Image-text web data:
★ ★ ★ ★ ★ ★ ★
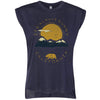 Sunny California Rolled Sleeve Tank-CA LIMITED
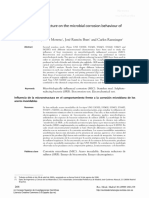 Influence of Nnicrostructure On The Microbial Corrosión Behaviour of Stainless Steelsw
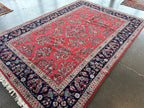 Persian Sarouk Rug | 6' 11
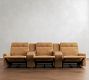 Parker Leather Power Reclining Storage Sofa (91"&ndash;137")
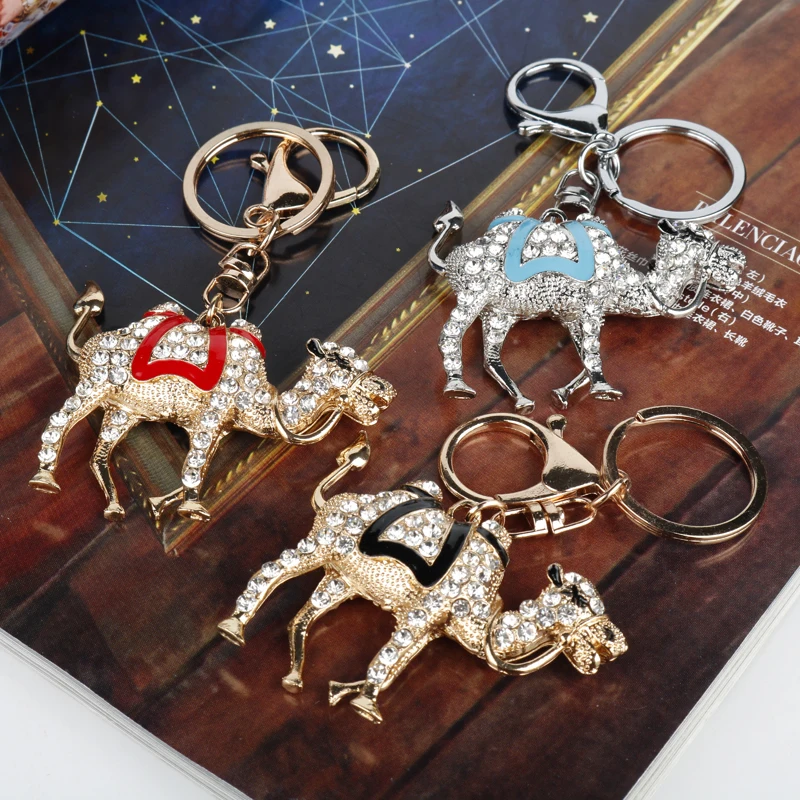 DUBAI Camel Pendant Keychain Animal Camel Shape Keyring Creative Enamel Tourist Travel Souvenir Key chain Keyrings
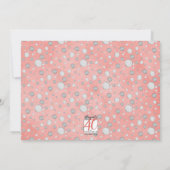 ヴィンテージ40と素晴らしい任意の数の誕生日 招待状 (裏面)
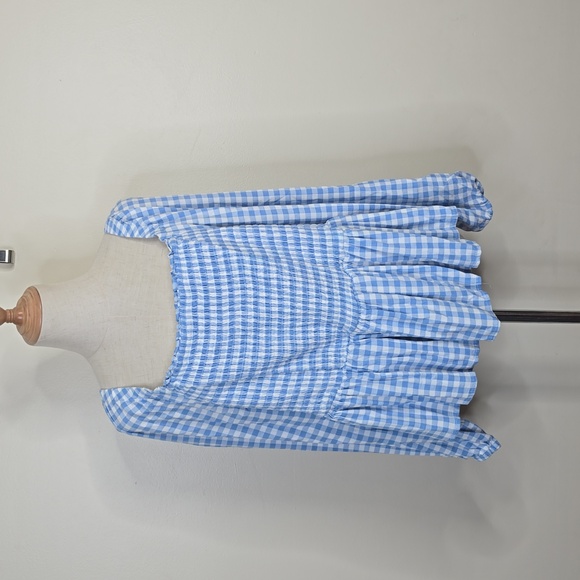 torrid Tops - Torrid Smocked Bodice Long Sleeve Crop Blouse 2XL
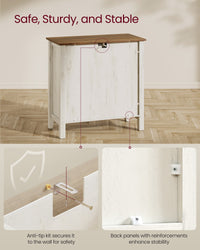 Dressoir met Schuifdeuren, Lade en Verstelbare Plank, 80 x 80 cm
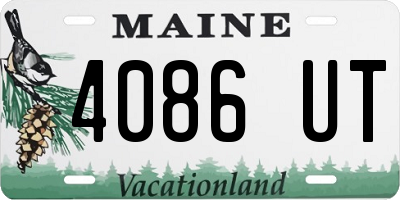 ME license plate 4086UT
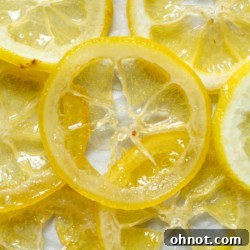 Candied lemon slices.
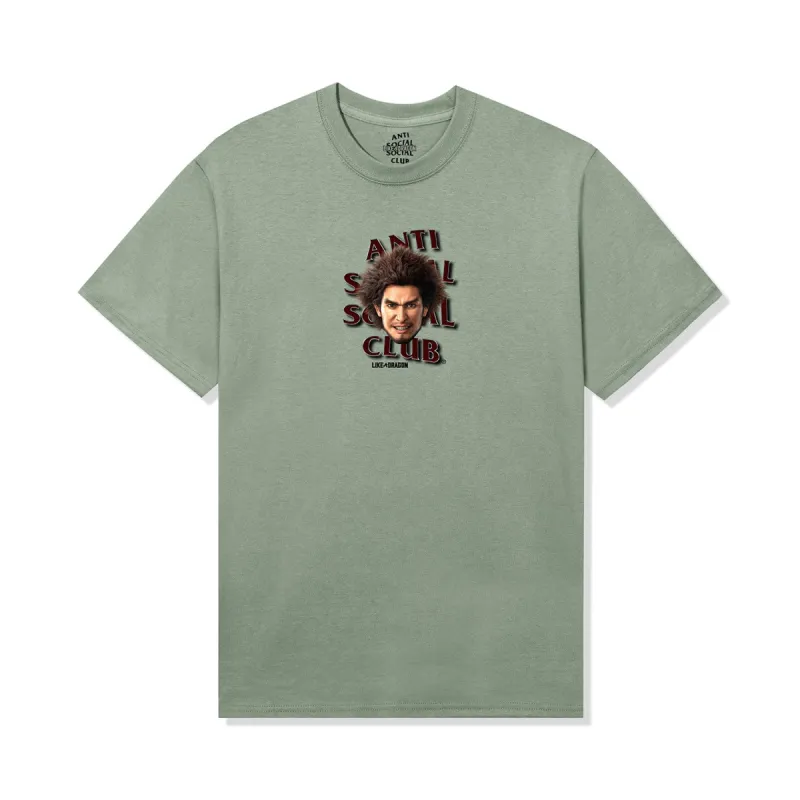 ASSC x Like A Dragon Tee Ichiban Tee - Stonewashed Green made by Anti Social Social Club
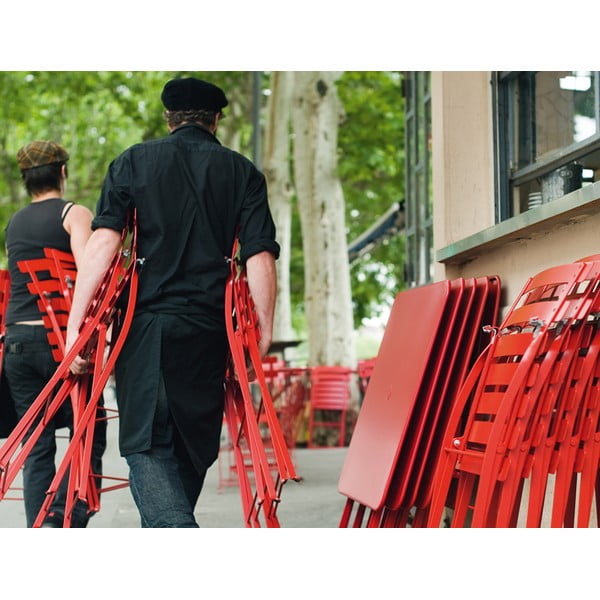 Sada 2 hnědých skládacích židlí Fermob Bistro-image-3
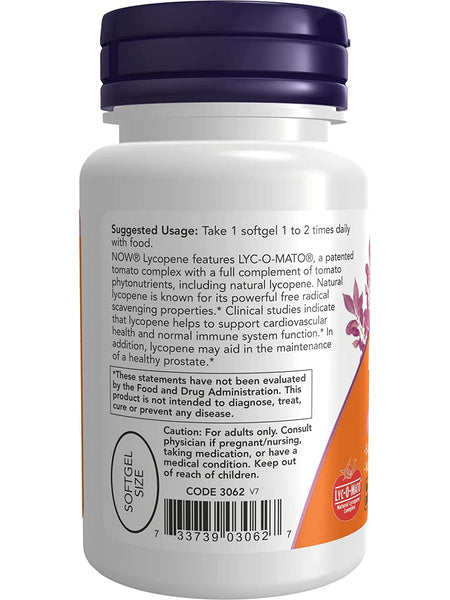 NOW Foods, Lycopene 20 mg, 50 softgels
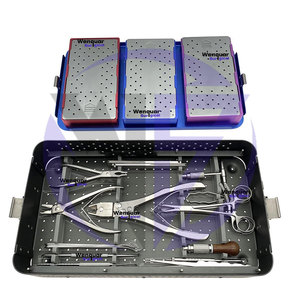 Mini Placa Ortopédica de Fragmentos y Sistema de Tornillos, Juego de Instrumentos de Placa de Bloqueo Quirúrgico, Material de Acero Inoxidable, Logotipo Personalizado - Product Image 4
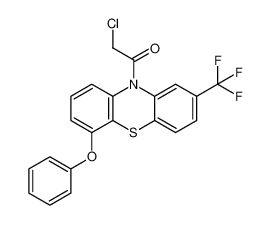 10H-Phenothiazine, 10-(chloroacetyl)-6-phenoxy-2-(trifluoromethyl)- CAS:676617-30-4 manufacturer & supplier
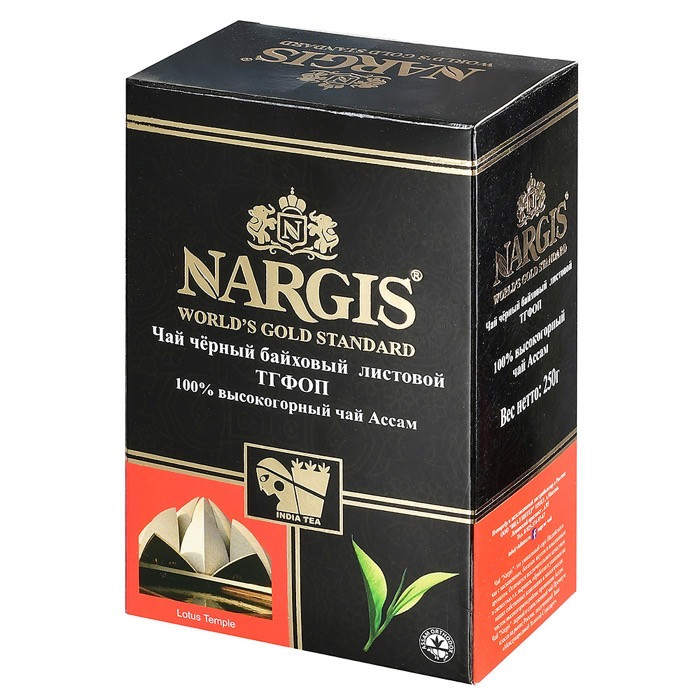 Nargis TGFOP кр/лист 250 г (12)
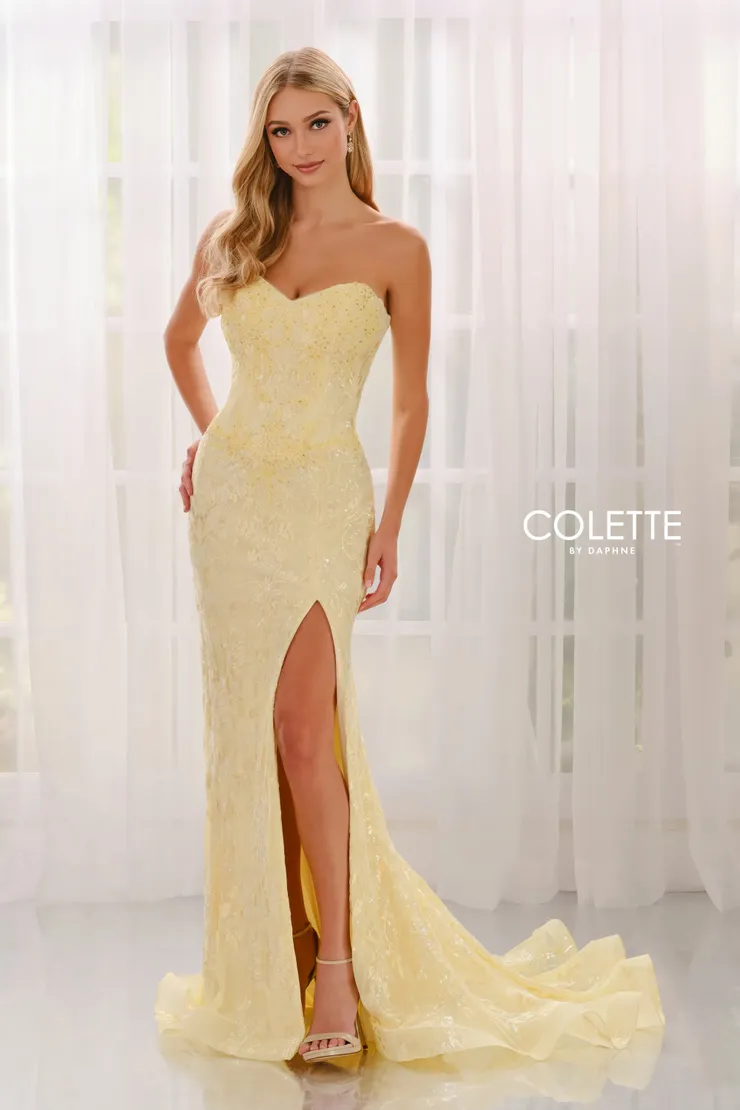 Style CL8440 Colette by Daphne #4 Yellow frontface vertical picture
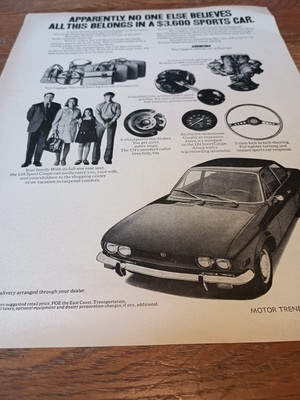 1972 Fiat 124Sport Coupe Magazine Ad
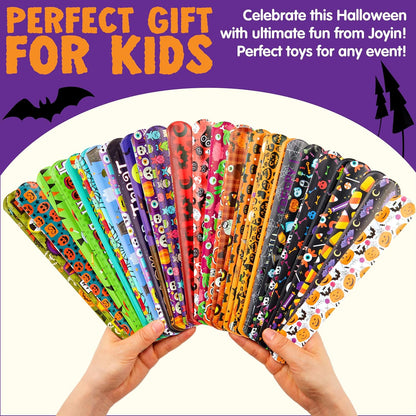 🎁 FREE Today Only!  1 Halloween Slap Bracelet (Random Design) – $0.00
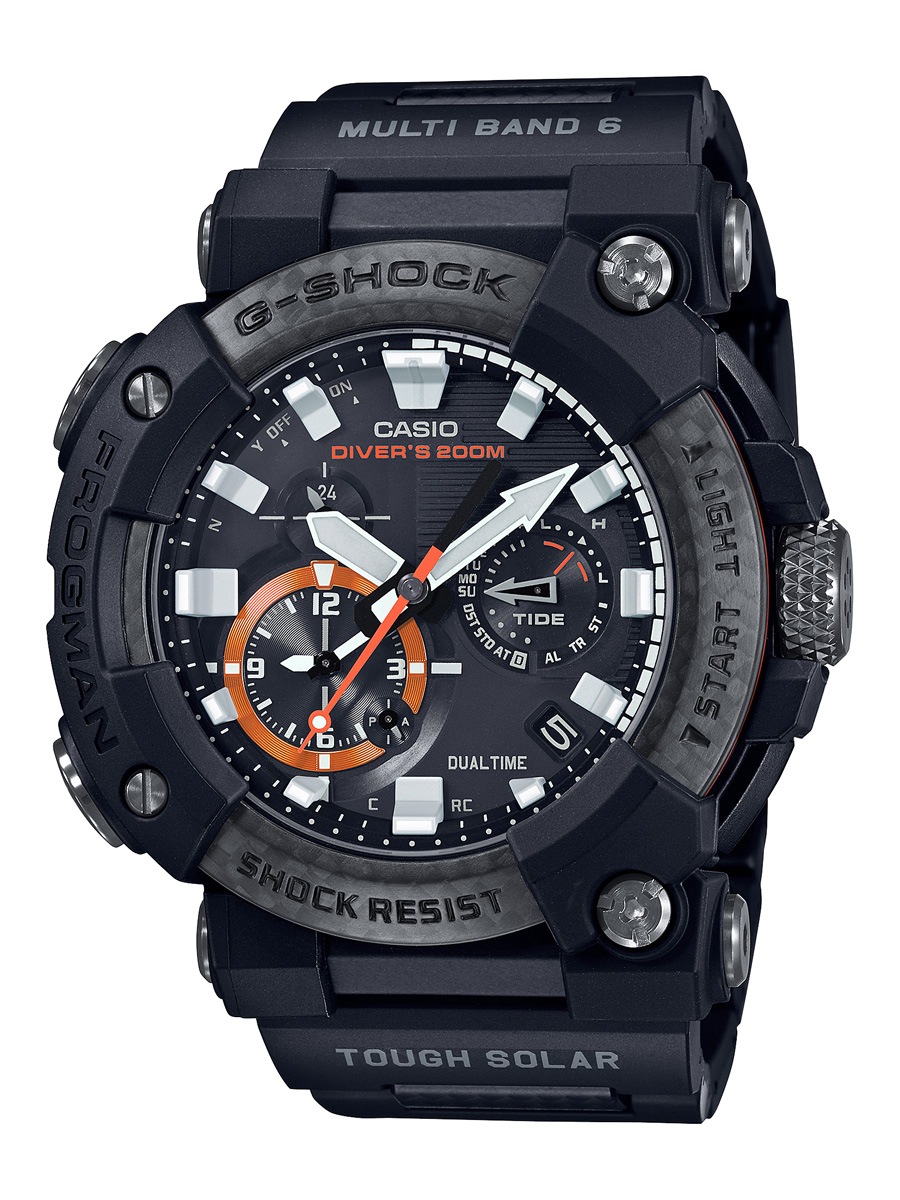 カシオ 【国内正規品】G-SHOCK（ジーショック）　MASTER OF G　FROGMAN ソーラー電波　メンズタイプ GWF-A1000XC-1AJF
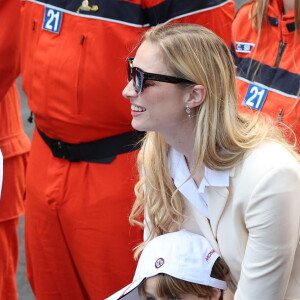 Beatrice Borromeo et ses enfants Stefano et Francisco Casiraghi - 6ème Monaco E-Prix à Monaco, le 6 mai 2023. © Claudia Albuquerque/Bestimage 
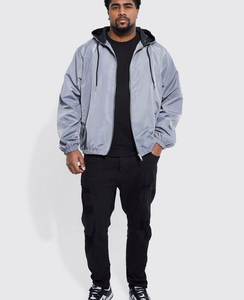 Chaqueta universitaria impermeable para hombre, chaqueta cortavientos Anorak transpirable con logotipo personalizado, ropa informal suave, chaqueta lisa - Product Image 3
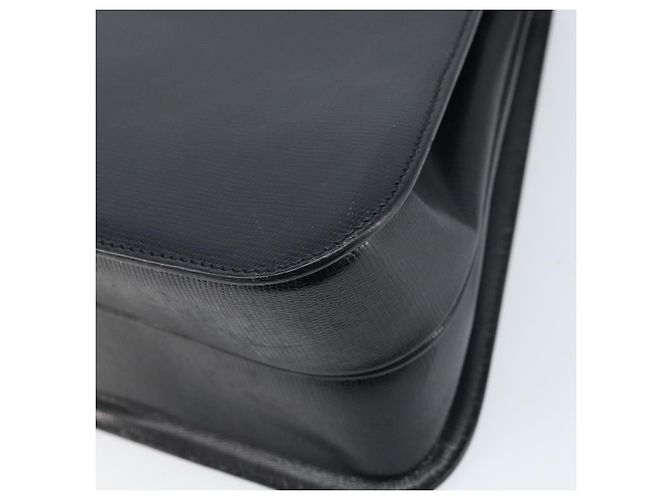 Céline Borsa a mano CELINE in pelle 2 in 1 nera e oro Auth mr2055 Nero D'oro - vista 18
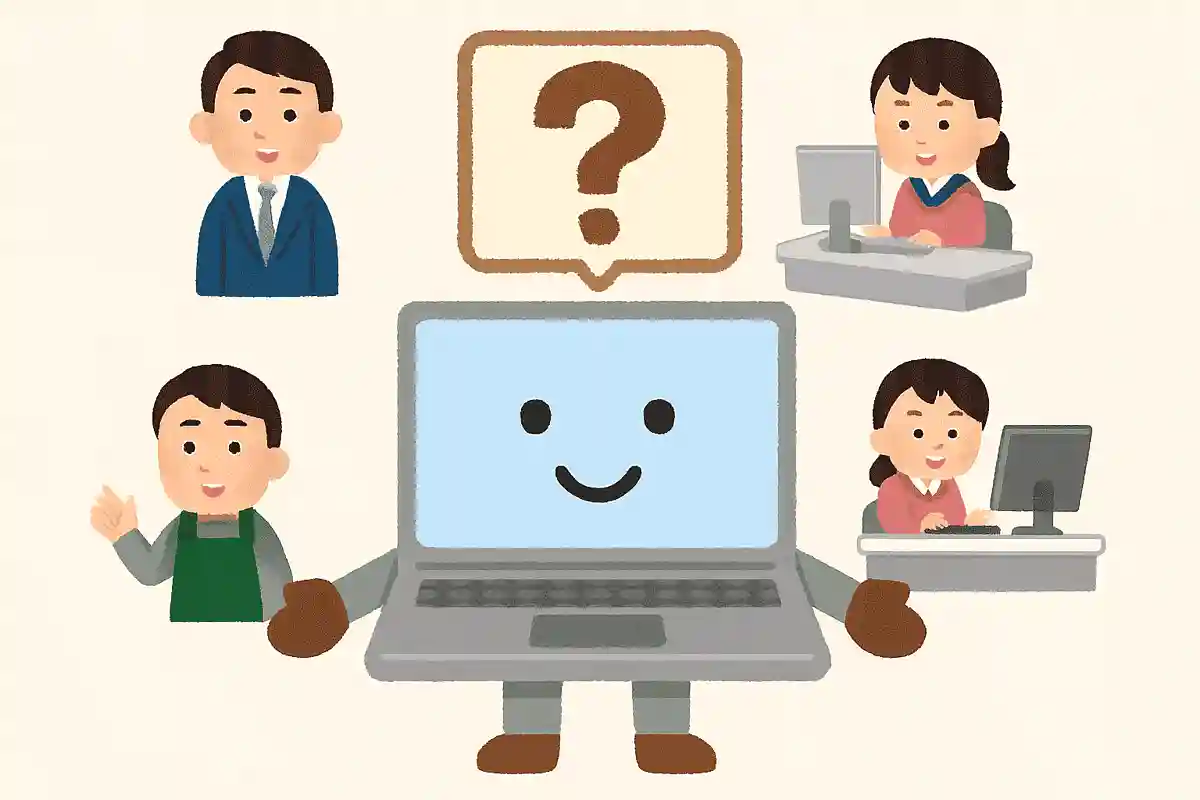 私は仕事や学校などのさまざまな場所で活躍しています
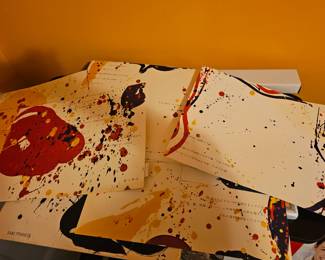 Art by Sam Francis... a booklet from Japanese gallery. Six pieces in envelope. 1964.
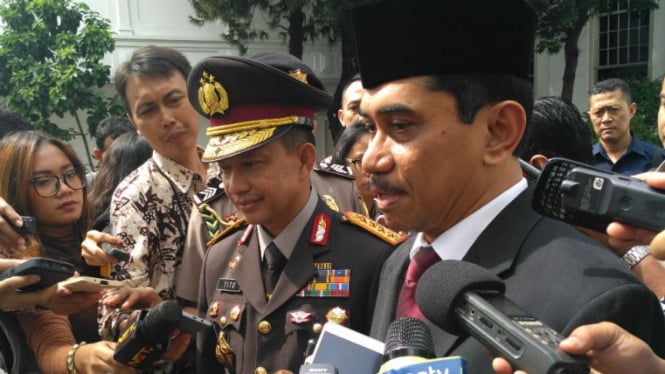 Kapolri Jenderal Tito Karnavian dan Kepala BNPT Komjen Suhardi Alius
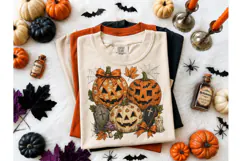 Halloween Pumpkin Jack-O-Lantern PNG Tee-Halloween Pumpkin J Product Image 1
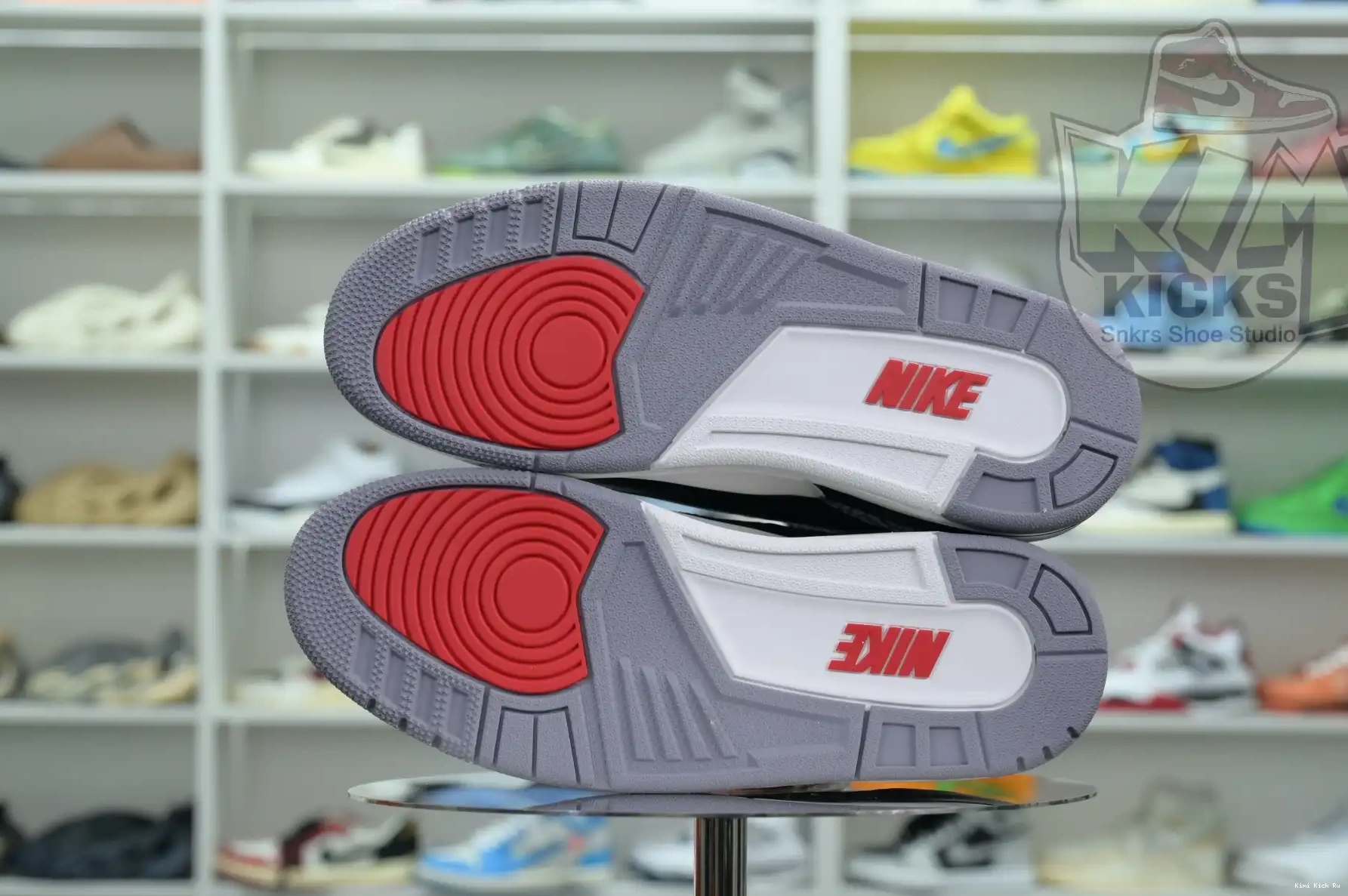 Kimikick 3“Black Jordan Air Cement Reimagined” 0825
★ ★ ★ ★ ★ ★ ★
Give back, word for word, the lines from the one with "カシオ 【国内正規品】G-SHOCK（ジーショック）　MASTER OF" to the end of the records above, and no pictures.

● Result of this exercise
 カシオ 【国内正規品】G-SHOCK（ジーショック）　MASTER OF G　FROGMAN ソーラー電波　メンズタイプ GWF-A1000XC-1AJF
 Beatrice Borromeo et ses enfants Stefano et Francisco Casiraghi - 6ème Monaco E-Prix à Monaco, le 6 mai 2023. © Claudia Albuquerque/Bestimage 
 Chaqueta universitaria impermeable para hombre, chaqueta cortavientos Anorak transpirable con logotipo personalizado, ropa informal suave, chaqueta lisa - Product Image 3
 Céline Borsa a mano CELINE in pelle 2 in 1 nera e oro Auth mr2055 Nero D'oro - vista 18
 私は仕事や学校などのさまざまな場所で活躍しています
 Art by Sam Francis... a booklet from Japanese gallery. Six pieces in envelope. 1964.
 Kapolri Jenderal Tito Karnavian dan Kepala BNPT Komjen Suhardi Alius
 Halloween Pumpkin Jack-O-Lantern PNG Tee-Halloween Pumpkin J Product Image 1
 Kimikick 3“Black Jordan Air Cement Reimagined” 0825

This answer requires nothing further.